Even though the benefits of seizure prophylaxis have been accepted for prevention of early seizures in TBI patients, there remains a question whether it should be used for other pathologies such as brain tumors and SAH; and for the prevention of late seizures. We did not attempt to evaluate the role of either of these drugs for individual pathologies, however, through this study; an attempt was made to separately analyze their efficacies in early and late seizures. The problem we encountered was the variations in the definition of early seizures. Since this was an analysis of published literature we were limited by the time interval in which each study assessed seizure activity. ‘Early seizures’ varied between 3 days, 7 days, 30 days or ‘till discharge’. Even though we found no heterogeneity in the results due to this variation, it remains a limitation of the study. To overcome this limitation, we conducted the analysis using two different types of definitions for ‘early seizures’; within the first month and within the first week. The results of both analyses were similar. We were able to study effects for a consistent definition of ‘late seizures’ (1 month to 6 months). Even though this may not be a typical definition of ‘late seizures’ it does provide us with a reliable measure to compare efficacy of the two drugs. Despite differences in the precise definition of early and late seizures, no statistically significant difference in risk of seizures could be found between the two drugs for either early, or late seizures.
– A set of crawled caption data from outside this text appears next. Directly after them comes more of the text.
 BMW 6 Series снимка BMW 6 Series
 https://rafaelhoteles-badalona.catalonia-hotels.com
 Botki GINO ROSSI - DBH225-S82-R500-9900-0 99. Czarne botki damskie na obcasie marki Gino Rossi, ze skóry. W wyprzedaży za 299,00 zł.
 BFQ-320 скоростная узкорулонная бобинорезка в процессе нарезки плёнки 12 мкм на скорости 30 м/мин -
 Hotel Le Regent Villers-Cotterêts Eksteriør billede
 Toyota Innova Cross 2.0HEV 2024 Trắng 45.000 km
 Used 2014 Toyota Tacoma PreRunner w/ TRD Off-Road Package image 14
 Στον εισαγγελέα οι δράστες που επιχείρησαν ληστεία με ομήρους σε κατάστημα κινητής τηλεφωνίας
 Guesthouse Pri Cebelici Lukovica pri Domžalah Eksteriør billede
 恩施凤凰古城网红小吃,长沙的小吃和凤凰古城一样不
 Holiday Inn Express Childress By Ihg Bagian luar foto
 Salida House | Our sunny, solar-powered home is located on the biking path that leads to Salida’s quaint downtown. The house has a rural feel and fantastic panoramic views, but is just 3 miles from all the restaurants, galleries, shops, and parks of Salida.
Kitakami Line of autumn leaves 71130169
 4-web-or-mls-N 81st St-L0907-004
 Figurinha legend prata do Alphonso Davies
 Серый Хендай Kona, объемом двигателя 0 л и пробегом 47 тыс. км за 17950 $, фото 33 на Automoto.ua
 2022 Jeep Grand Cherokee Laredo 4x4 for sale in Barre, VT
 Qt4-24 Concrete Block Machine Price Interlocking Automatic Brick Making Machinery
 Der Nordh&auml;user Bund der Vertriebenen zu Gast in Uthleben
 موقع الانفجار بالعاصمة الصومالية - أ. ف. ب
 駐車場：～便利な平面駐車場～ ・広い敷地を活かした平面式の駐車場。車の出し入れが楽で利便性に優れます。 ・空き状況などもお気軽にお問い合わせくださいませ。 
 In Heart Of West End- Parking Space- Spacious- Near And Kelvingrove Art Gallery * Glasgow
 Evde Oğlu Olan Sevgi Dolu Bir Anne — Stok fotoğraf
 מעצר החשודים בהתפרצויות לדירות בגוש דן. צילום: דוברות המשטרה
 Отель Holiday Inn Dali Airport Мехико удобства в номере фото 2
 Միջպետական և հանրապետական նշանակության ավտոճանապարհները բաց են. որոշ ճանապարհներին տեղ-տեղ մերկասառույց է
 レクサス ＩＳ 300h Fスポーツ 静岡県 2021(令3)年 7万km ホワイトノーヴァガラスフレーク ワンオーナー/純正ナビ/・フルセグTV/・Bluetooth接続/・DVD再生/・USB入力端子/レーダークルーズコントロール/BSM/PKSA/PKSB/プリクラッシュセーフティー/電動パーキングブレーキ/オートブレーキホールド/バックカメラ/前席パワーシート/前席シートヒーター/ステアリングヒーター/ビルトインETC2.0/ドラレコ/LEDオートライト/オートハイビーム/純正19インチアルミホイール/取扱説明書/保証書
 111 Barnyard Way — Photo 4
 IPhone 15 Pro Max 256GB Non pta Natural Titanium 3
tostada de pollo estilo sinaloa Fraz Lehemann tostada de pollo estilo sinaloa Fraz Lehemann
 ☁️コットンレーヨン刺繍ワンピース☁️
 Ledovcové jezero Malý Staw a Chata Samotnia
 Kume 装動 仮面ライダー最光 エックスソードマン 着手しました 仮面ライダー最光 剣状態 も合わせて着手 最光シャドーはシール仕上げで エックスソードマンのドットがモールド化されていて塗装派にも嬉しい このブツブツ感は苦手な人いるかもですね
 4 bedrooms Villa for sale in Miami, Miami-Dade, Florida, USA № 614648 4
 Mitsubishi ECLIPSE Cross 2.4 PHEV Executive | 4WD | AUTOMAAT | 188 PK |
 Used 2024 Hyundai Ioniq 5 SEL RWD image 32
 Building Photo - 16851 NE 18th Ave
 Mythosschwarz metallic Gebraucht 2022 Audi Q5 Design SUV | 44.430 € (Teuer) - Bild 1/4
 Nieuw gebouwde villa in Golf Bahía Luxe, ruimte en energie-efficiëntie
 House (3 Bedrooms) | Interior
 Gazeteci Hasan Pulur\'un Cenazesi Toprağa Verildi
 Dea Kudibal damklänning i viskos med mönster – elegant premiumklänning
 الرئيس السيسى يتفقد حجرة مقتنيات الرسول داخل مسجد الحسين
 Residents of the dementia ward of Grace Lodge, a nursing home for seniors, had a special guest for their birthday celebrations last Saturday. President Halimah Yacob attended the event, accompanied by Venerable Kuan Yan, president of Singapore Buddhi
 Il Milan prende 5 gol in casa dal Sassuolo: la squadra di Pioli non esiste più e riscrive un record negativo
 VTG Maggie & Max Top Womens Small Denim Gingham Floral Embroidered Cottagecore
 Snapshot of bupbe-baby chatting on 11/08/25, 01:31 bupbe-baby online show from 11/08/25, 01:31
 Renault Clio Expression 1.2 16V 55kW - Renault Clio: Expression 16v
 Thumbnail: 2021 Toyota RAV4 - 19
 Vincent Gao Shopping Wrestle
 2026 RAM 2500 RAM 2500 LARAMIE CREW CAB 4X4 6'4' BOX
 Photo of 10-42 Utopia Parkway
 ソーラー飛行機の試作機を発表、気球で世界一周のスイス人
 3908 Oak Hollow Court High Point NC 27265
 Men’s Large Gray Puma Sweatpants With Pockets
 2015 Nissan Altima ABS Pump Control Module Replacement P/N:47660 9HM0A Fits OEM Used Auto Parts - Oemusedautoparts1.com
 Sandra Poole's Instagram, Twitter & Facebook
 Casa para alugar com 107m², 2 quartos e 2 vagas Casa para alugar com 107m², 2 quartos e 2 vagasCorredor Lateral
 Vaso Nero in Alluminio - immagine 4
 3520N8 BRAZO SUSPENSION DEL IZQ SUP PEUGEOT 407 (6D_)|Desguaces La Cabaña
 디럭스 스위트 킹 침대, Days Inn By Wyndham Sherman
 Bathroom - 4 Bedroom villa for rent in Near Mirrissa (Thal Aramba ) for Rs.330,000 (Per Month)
We initially planned to do a meta-analysis of RCTs alone, however, a comprehensive search of literature failed to reveal adequate number of RCTs, or RCTs with large number of patients comparing these two drugs and we were therefore required to include observational studies in this analysis. This caused issues with comparability and adjustment of confounders. We would therefore recommend more RCTs on this topic, without which it remains elusive to reach meaningful conclusions in this regard. Since there were insufficient RCTs on the topic, we were required to include observational studies in the meta-analysis, with associated problems of comparability and confounders. This included the lack of standard dosage for the two drugs in individual studies. We were also not able to analyze all study details, despite our best efforts to contact authors of published or in print papers and abstracts. Similarly, we could not assess other outcomes such as drug side effects, number of seizures per patient, optimal dose and duration for prophylaxis.

Conclusions

On the basis of our analysis of available literature, we conclude that there is no significant difference in seizure prophylaxis for either early or late seizures; for either Phenytoin or Levetiracetam. However, paucity of good quality evidence limits our conclusion. Better quality RCTs from centers in different parts of the world are recommended.

Source of funding

This study did not receive any funding. None of the authors received funding in part or in full for contribution to this study or for any related work.